4. Rohstoffreichtum für Entwicklung nutzen:

Die internationalen Rohstoffmärkte erfordern wegen der zunehmenden Nachfrage erhöhte politische Aufmerksamkeit. Der Umgang mit Rohstoffen in vielen Entwicklungsländern - nicht nur in Krisenregionen - machen politische Initiativen für mehr Transparenz im Rohstoffsektor, wie in der Extractive Industries Transparency Initiative (EITI) angelegt, notwendig.
Dazu muss der Dialog mit den G8-Partnern, erdölproduzierenden Unternehmen, Regierungen in erdölreichen Entwicklungsländern und Schwellenländern gesucht werden, um durch die Bündelung der Initiativen zur verantwortungsvollen Nutzung des natürlichen Reichtums den illegalen Rohstoffabbau und die Korruption zu bekämpfen. Die aus dem Rohstoffreichtum resultierenden Zahlungsströme können nur bei mehr Transparenz zu einer sozial gerechten Entwicklung in den Ländern und zur Erreichung der Millennium-Entwicklungsziele beitragen.

5. Für die Zukunft Afrikas in gemeinsamer Verantwortung:

In den Staaten auf unserem afrikanischen Nachbarkontinent wurde in den vergangenen Jahren viel erreicht. So hatte Afrika in den vergangenen Jahren ein durchschnittliches Wirtschaftswachstum von 5 Prozent. Dennoch steht Afrika insgesamt weiterhin vor großen Herausforderungen: die Bekämpfung der HIV/Aids-Epidemie, der Schutz der natürlichen Lebensgrundlagen, die Sicherung des Friedens und nachhaltiges Wirtschaftswachstum.
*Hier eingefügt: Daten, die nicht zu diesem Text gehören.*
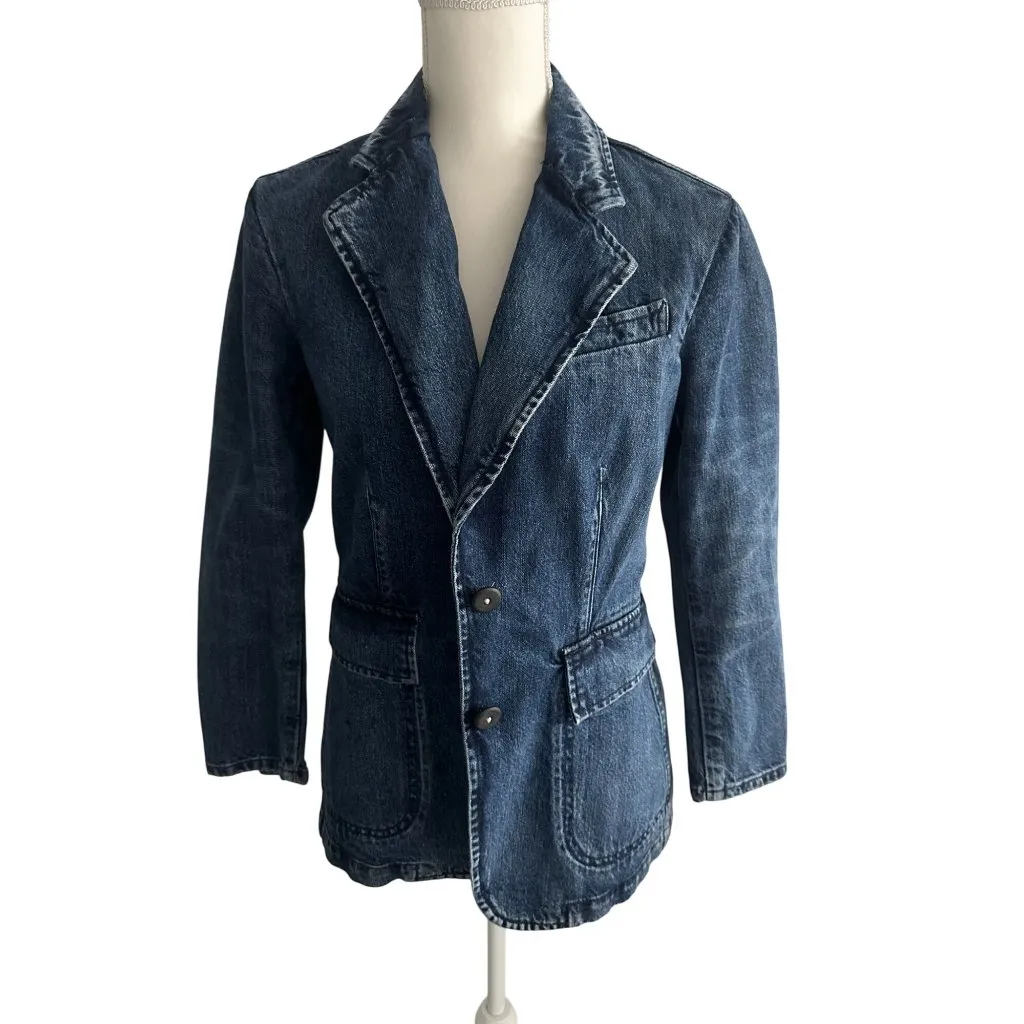 REBECCA TAYLOR La Vie Denim Blazer Jacket Size 8 - Image 4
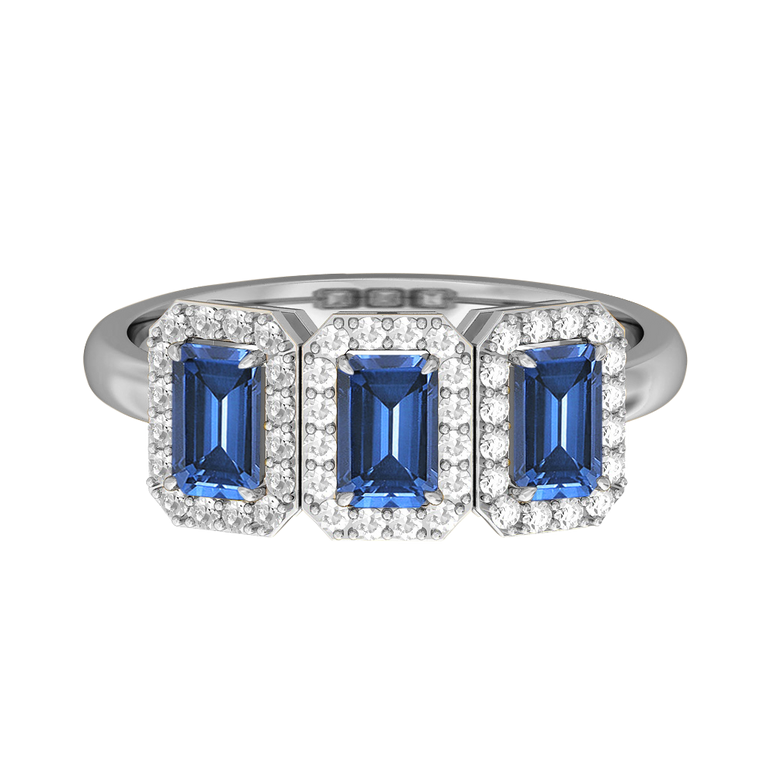 Garland Emerald Blue Sapphire 18K White Gold Ring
* Seit der Gründung der Neuen Partnerschaft für Afrikas Entwicklung (NEPAD) im Jahr 2001 und der Partnerschaft zwischen den G8 und Afrika, wie sie 2002 in Kananaskis etabliert wurde, hat sich eine enge Kooperation etabliert. Ziel dieser G8-Afrika-Partnerschaft ist es, die Reformanstrengungen der afrikanischen Staaten zu unterstützen. Zentrales Element dieser Reformbemühungen ist der African Peer Review Mechanism, ein Instrument zur Stärkung verantwortungsvoller Regierungsführung. Freie Wahlen, eine rechenschaftspflichtige Regierung, eine unabhängige Justiz, die Wahrung der Menschenrechte und die Bekämpfung der Korruption sind Bedingungen, damit die nationalen Entwicklungsanstrengungen auch nachhaltig sind und das Vertrauen für Kapitalzuflüsse, die für die weitere wirtschaftliche Entwicklung notwendig sind, entsteht. Wir unterstützen alle Bemühungen im Rahmen der deutschen G8-Präsidentschaft, die diese reformorientierten Staaten weiter voranbringen.
* Wir unterstützen auch alle Anstrengungen, damit mehr und nachhaltig in Afrika investiert wird. Nur wo in Afrika breitenwirksames, soziales, ökologisches und ökonomisches Wachstum entsteht, kann langfristig die Armut überwunden werden.
* Unabdingbare Grundlage dafür ist die Sicherung des Friedens. Wir begrüßen den Beitrag der G8-Länder zum Aufbau einer eigenständigen Sicherheitsarchitektur unter dem Dach der Afrikanischen Union. Auch angesichts der aktuellen Krisen am Horn von Afrika fordern wir aber weitere Anstrengungen der G8.
* Die HIV/Aids-Epidemie ist nicht allein ein Gesundheitsproblem, sondern auch ein alle Lebensbereiche berührendes Entwicklungsproblem, das in vielen Ländern in eine umfassende Krise zu münden droht. Verschärft wird dieses Problem noch dadurch, dass mehr und mehr Doppelinfektionen von HIV/Aids und Tuberkulose auftreten. Der in vielen Entwicklungsländern entstandene Teufelskreis von Armut und Infektion muss durch weitere Anstrengungen durchbrochen werden. Dabei muss besonders die
* Situation von Frauen berücksichtigt werden, denn mittlerweile sind 60% aller Infizierten in Sub-Sahara-Afrika weiblich. Wir unterstützen daher die Vorschläge der Bundesministerin für wirtschaftliche Zusammenarbeit und Entwicklung, im Rahmen der G8 verstärkt HIV/Aids-Programme zur Verbesserung der Situation von Frauen und Mädchen umzusetzen. Parallel dazu begrüßen wir die strategische Ausrichtung zur Stärkung der Gesundheitssysteme. Beides muss bei der die Arbeit des Global Fund to Fight AIDS, Tuberculosis and Malaria (GFATM) stärker berücksichtigt werden.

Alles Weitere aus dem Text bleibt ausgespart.